Task material: Begin

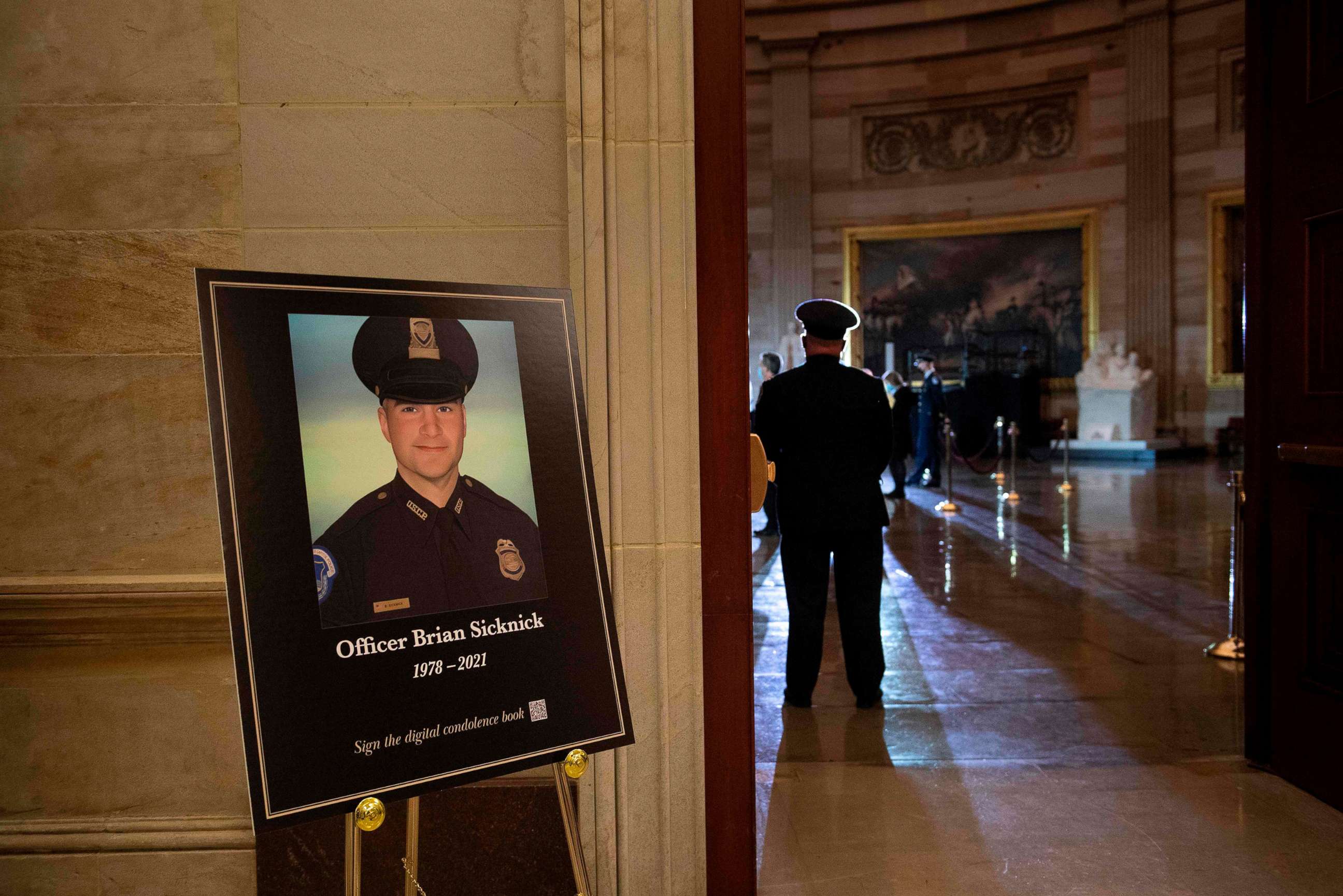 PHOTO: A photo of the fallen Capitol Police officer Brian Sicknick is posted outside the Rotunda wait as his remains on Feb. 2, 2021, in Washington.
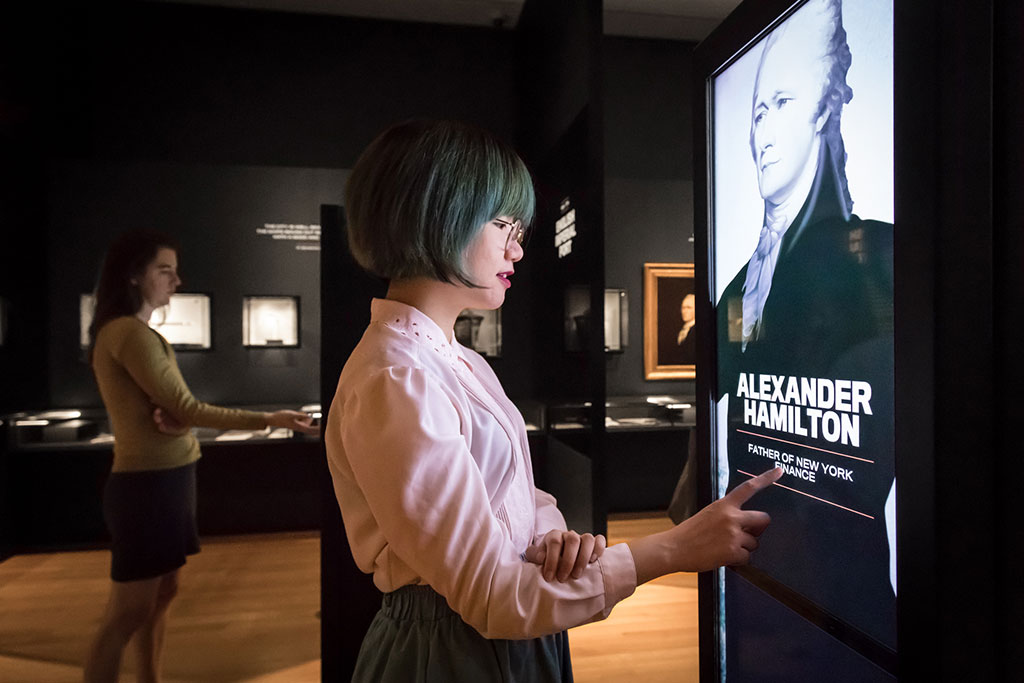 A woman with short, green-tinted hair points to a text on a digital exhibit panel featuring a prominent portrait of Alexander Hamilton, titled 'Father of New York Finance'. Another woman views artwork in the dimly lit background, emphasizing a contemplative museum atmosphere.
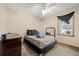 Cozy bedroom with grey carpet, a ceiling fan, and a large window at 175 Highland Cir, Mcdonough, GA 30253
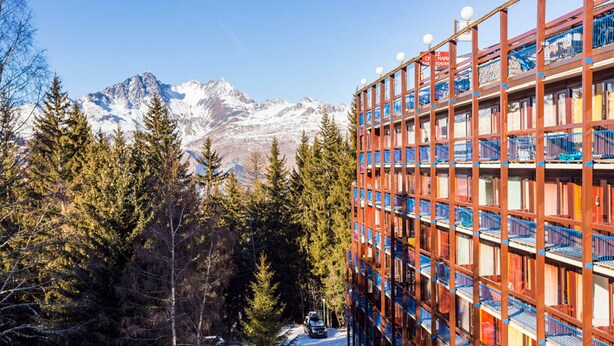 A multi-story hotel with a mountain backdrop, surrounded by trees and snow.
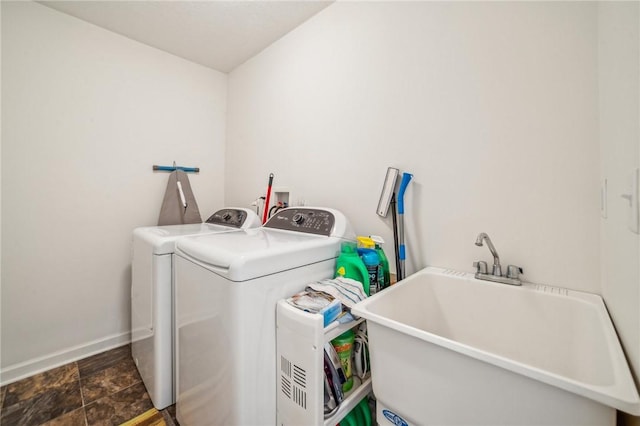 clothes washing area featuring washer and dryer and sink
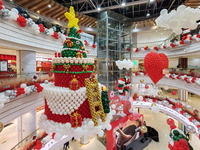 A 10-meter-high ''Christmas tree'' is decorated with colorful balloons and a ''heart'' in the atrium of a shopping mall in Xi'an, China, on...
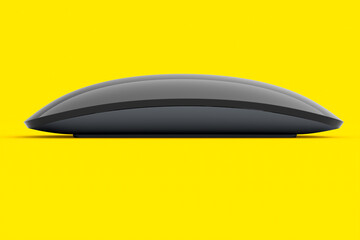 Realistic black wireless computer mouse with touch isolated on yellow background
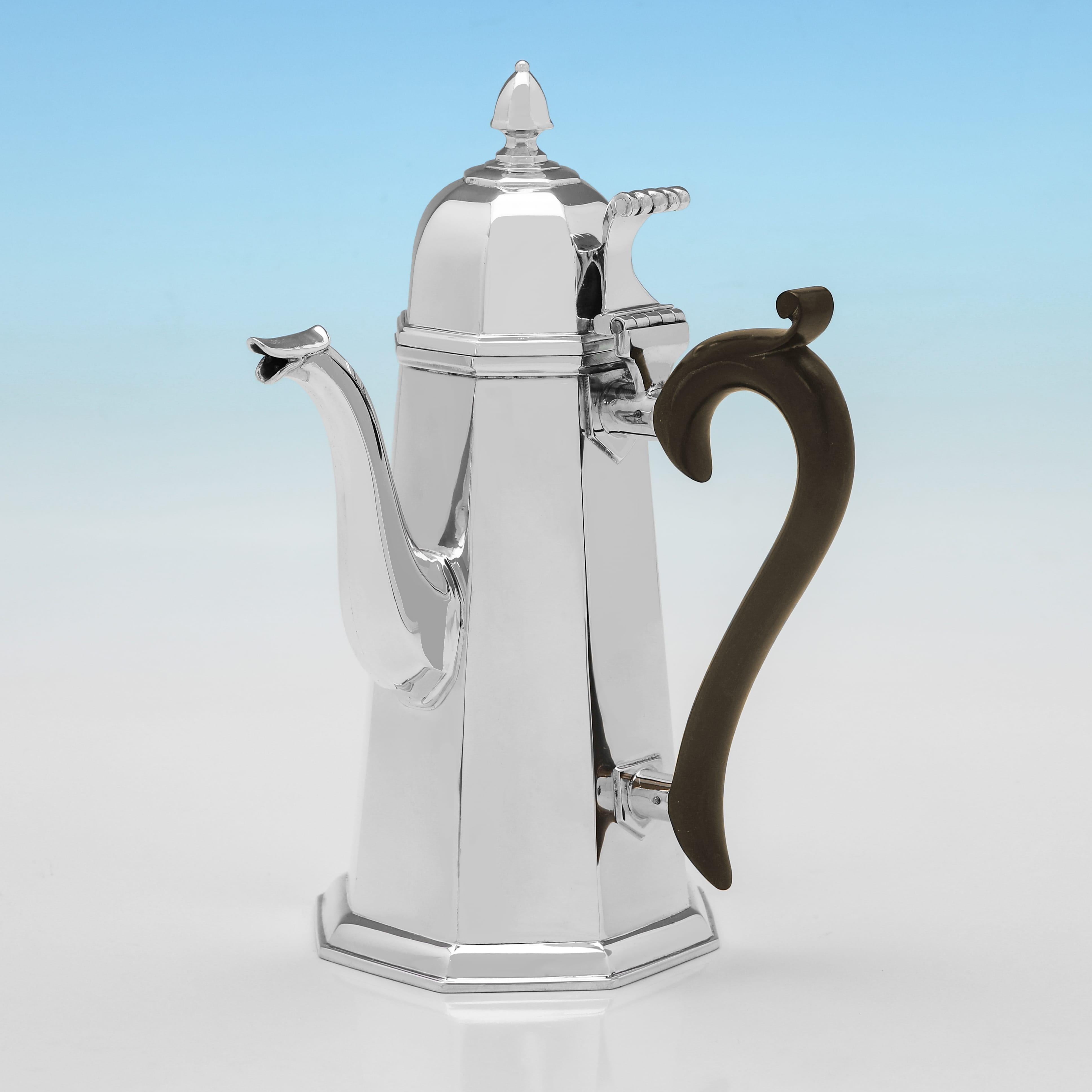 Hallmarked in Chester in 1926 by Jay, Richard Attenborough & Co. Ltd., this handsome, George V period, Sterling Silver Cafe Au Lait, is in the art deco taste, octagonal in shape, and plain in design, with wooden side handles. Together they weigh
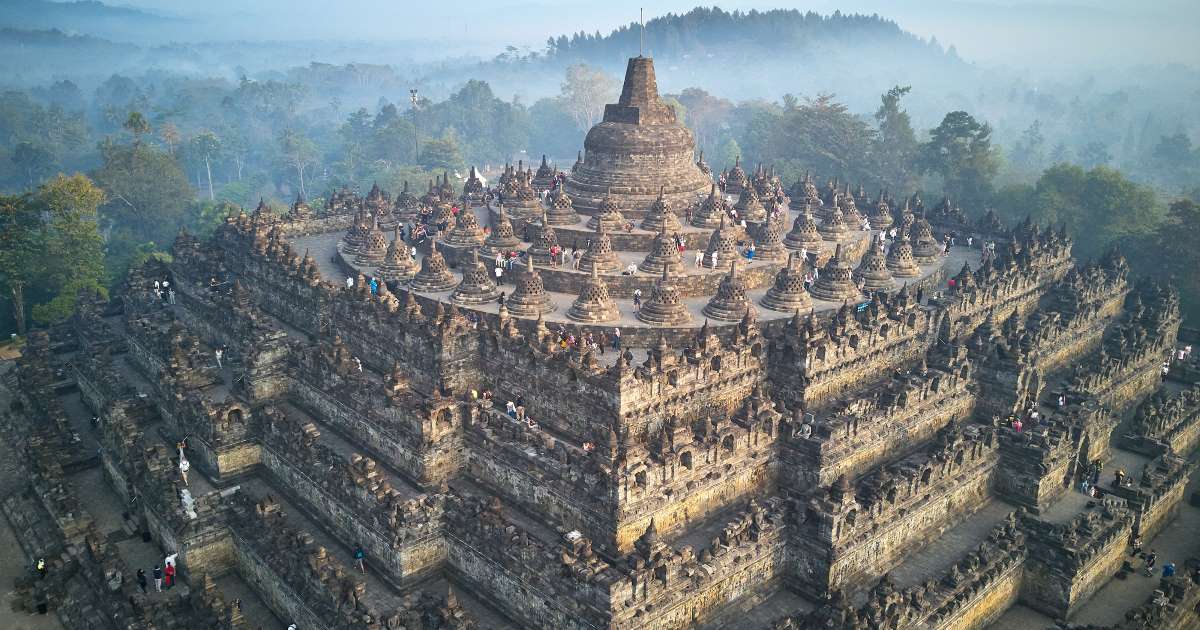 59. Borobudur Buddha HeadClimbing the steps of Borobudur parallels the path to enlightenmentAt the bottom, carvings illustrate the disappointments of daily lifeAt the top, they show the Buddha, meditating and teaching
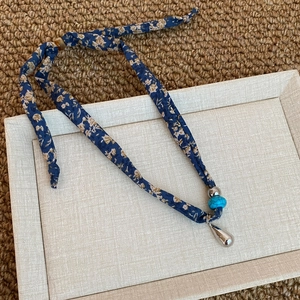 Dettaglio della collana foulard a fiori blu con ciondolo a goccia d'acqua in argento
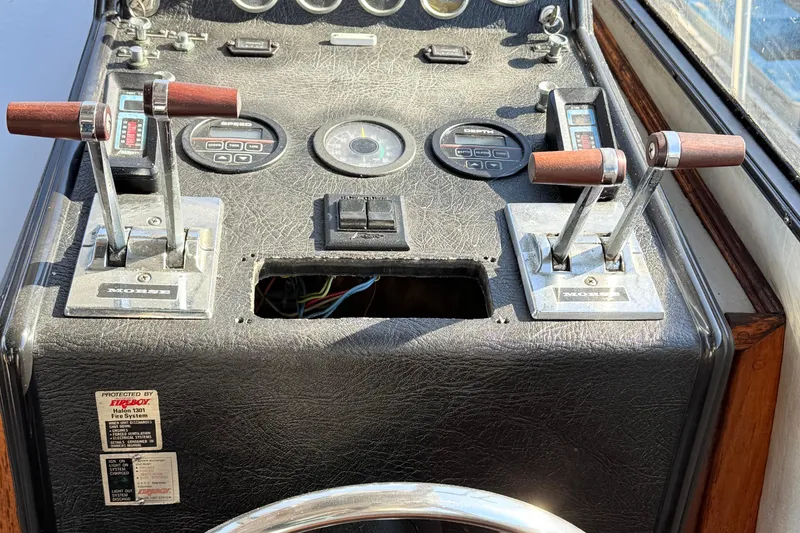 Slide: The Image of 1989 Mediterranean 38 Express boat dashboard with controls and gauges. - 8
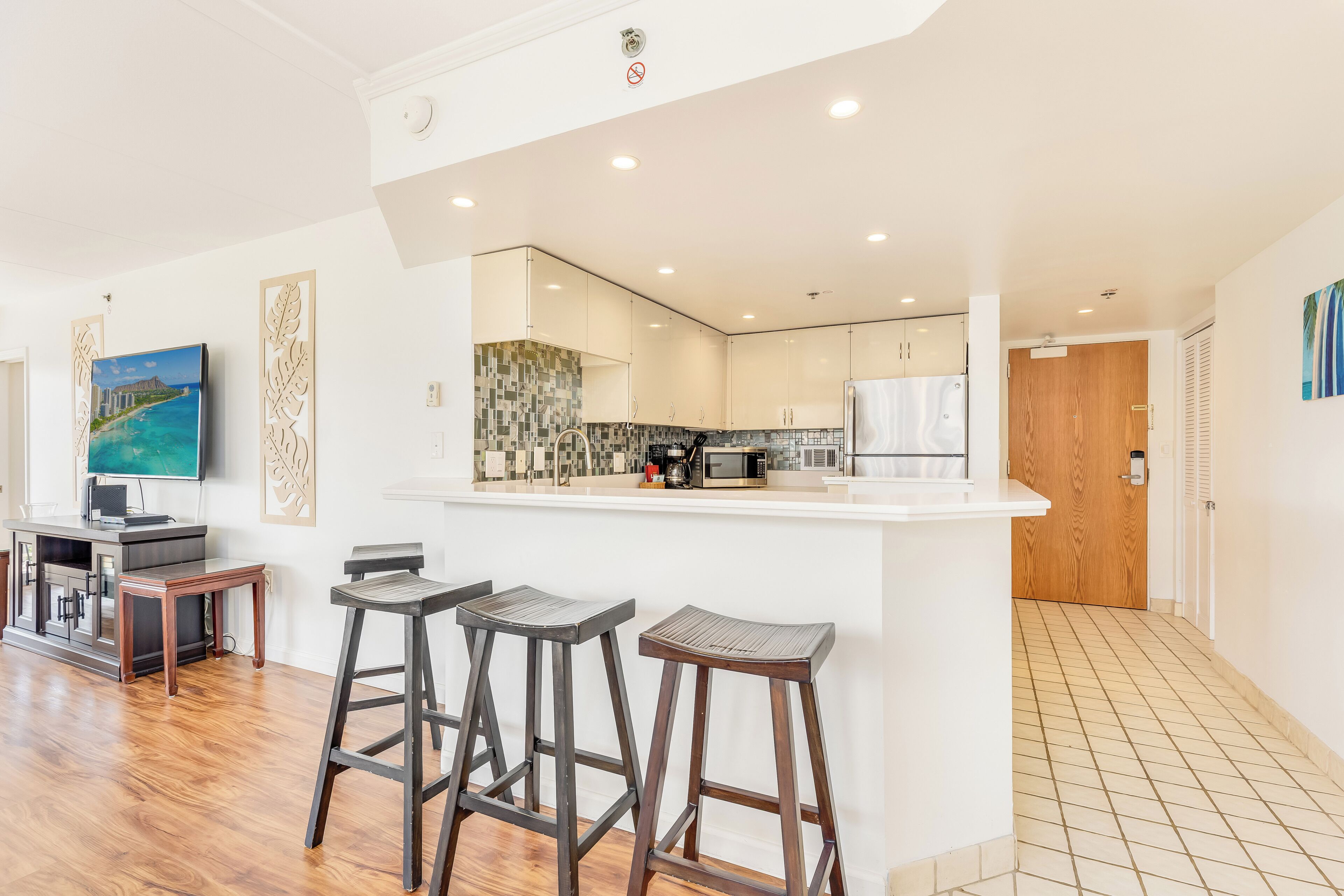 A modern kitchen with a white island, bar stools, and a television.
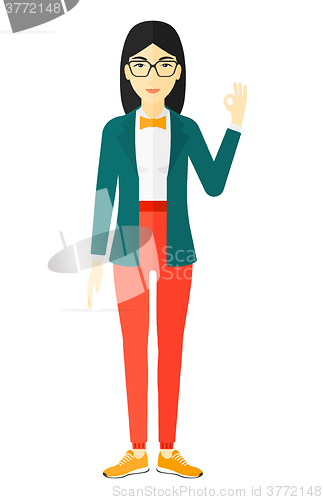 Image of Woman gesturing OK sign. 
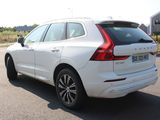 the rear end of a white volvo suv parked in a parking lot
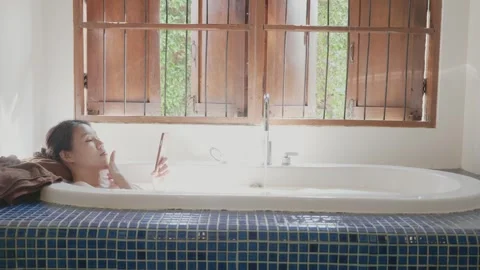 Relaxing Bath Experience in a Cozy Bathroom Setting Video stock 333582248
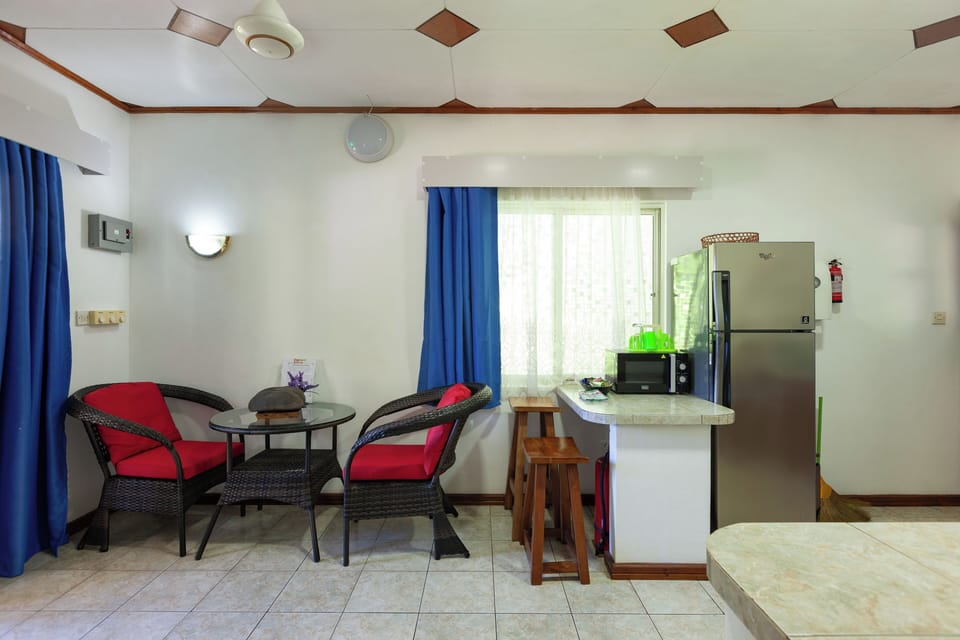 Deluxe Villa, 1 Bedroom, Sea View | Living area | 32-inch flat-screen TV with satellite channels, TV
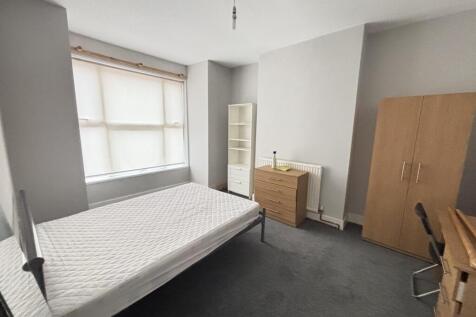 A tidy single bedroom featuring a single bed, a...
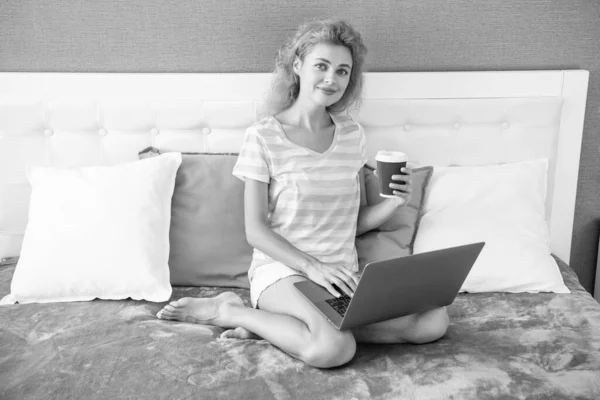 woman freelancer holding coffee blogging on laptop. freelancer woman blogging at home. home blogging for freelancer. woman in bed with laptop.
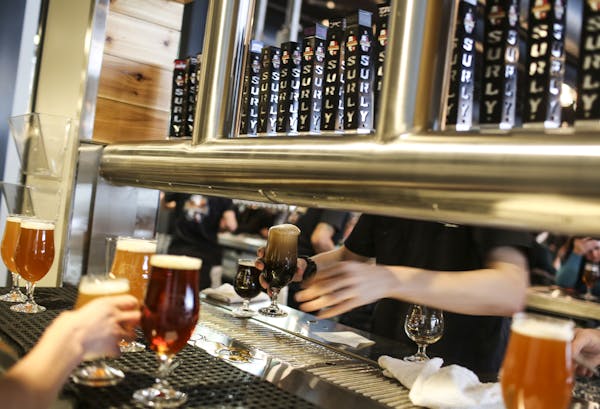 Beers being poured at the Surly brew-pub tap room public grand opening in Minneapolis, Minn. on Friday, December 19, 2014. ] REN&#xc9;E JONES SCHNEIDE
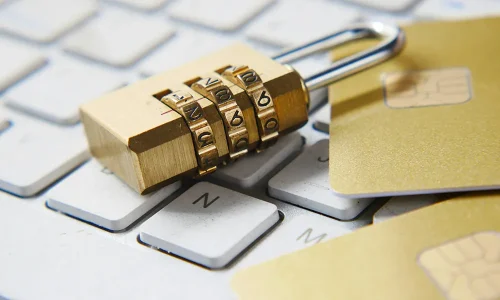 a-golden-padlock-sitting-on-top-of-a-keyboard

Task material: End

### What to do
Nothing but the lines from the one with "the rear end" through the end of the entries above, both included, should be set down, exactly and without pictures.

### Result for this exercise
 the rear end of a white volvo suv parked in a parking lot
 Relaxing Bath Experience in a Cozy Bathroom Setting Video stock 333582248
 Deluxe Villa, 1 Bedroom, Sea View | Living area | 32-inch flat-screen TV with satellite channels, TV
 A tidy single bedroom featuring a single bed, a...
 woman freelancer holding coffee blogging on laptop. freelancer woman blogging at home. home blogging for freelancer. woman in bed with laptop.
 Beers being poured at the Surly brew-pub tap room public grand opening in Minneapolis, Minn. on Friday, December 19, 2014. ] REN&#xc9;E JONES SCHNEIDE
 a-golden-padlock-sitting-on-top-of-a-keyboard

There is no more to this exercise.